ABOUT THIS TASK
This task calls for the lines below starting at the one containing "Cute dog with" and ending at the one containing "Training head IZA BLACK 60cm, thermal hair", repeated exactly with both ends kept and pictures left out.

RECORDED DATA
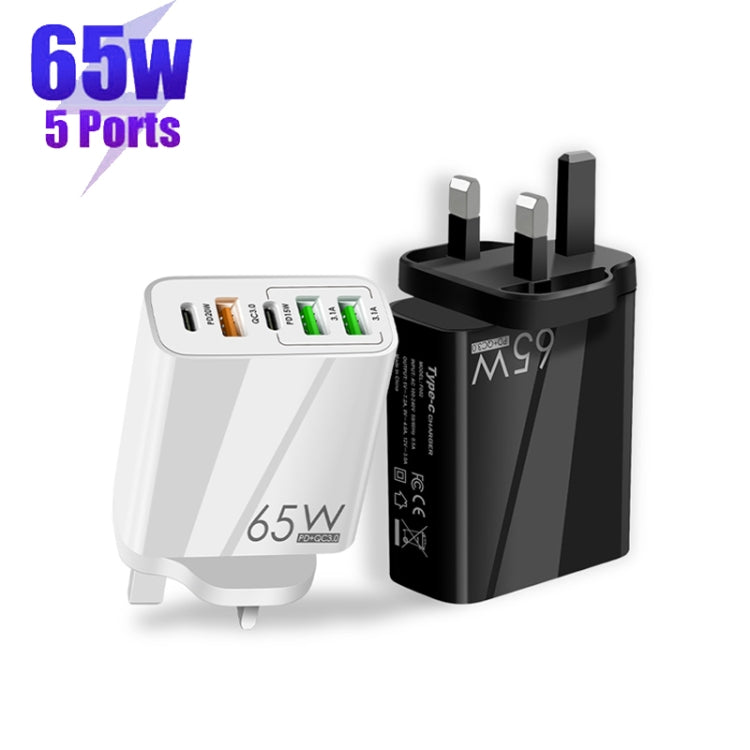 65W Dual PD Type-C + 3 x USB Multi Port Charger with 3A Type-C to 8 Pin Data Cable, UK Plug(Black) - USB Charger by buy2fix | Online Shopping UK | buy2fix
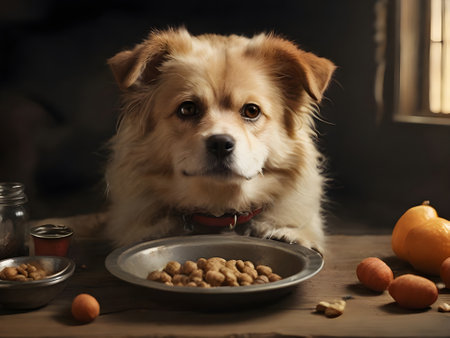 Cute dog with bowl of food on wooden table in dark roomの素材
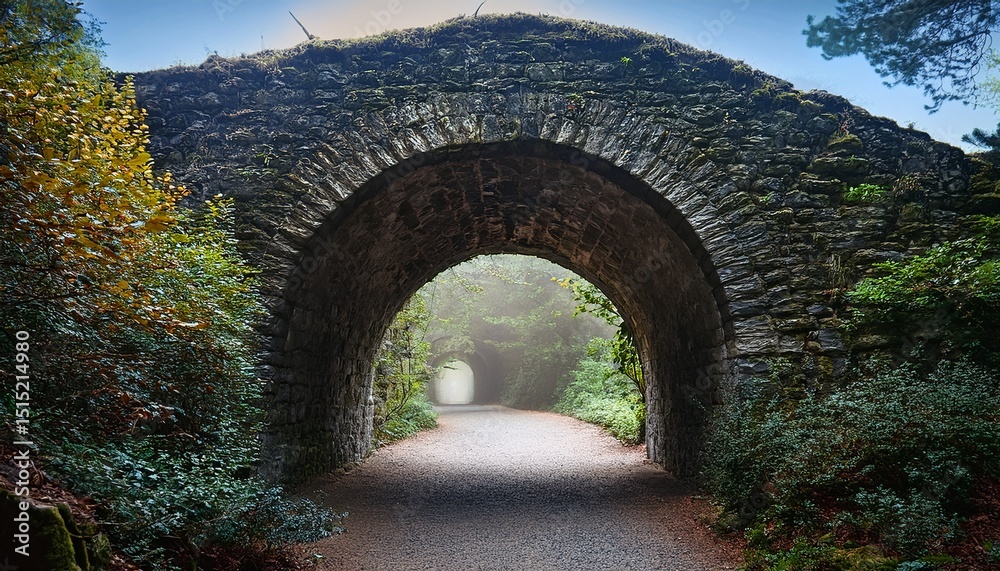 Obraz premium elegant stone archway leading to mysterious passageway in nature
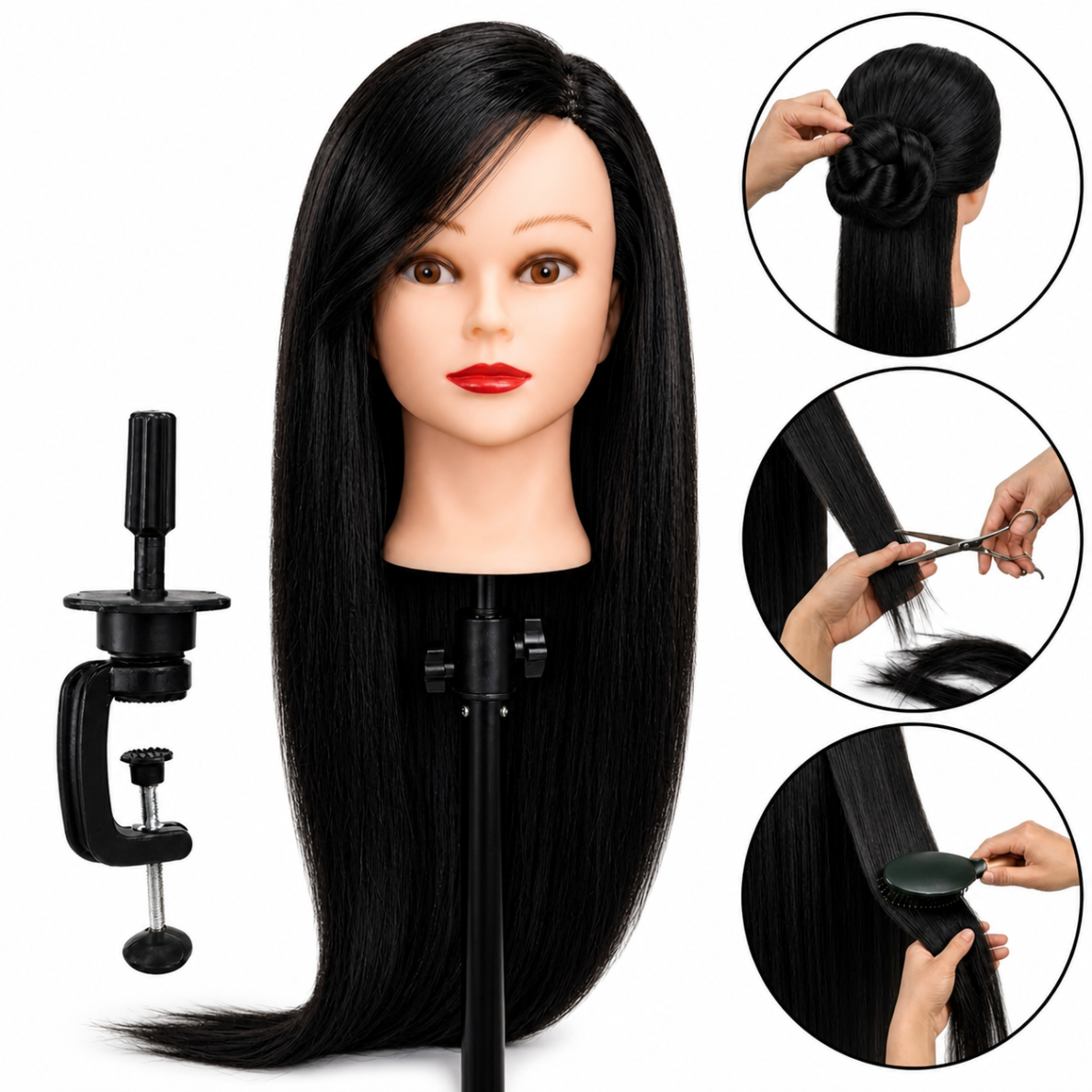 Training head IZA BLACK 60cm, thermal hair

---

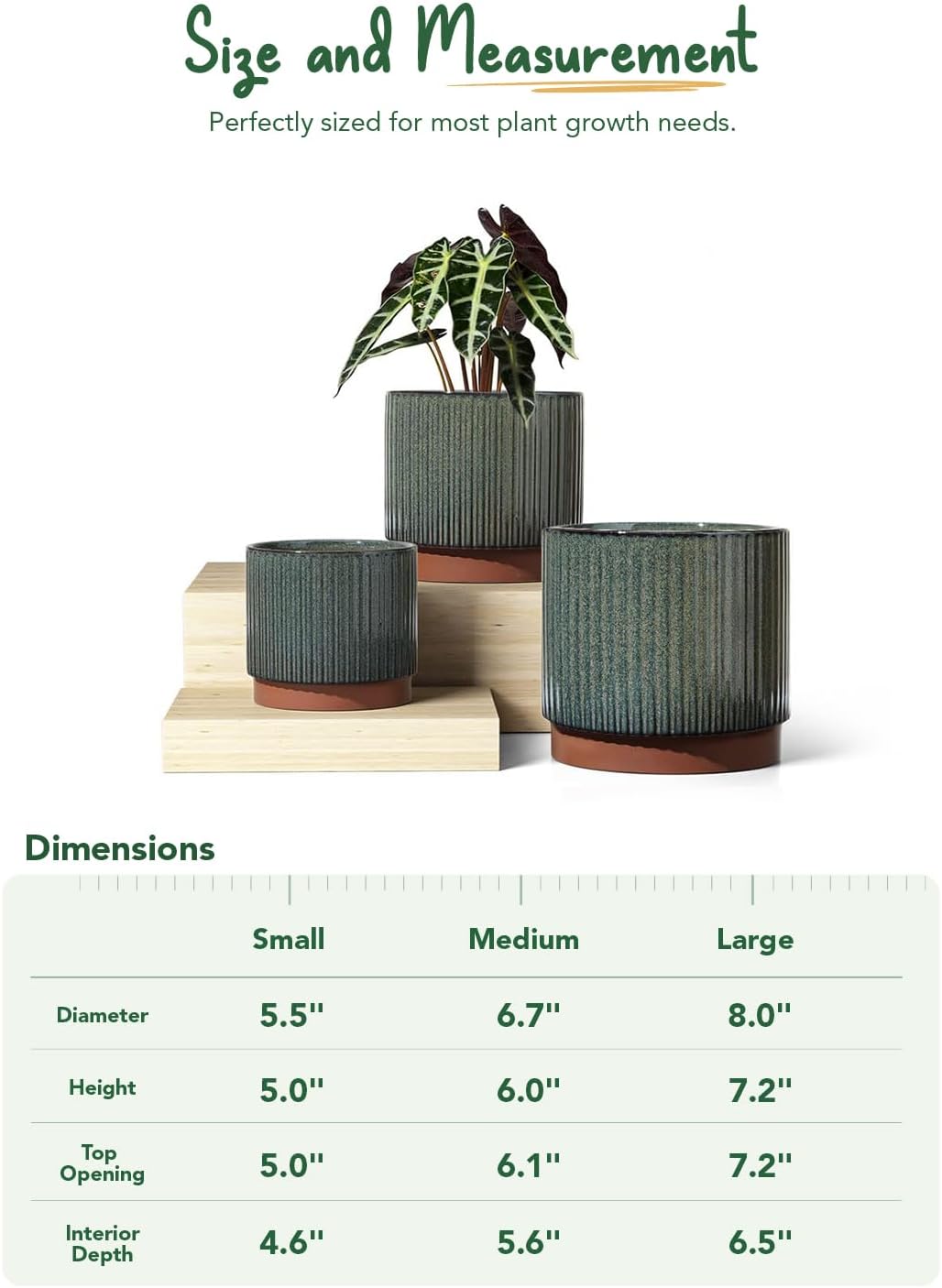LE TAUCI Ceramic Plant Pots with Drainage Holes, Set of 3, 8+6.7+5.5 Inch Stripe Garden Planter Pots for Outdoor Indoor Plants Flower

==

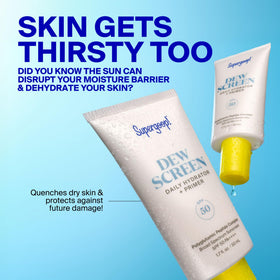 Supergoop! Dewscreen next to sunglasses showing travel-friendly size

TASK RESPONSE
 Cute dog with bowl of food on wooden table in dark roomの素材
 Obraz premium elegant stone archway leading to mysterious passageway in nature
 Training head IZA BLACK 60cm, thermal hair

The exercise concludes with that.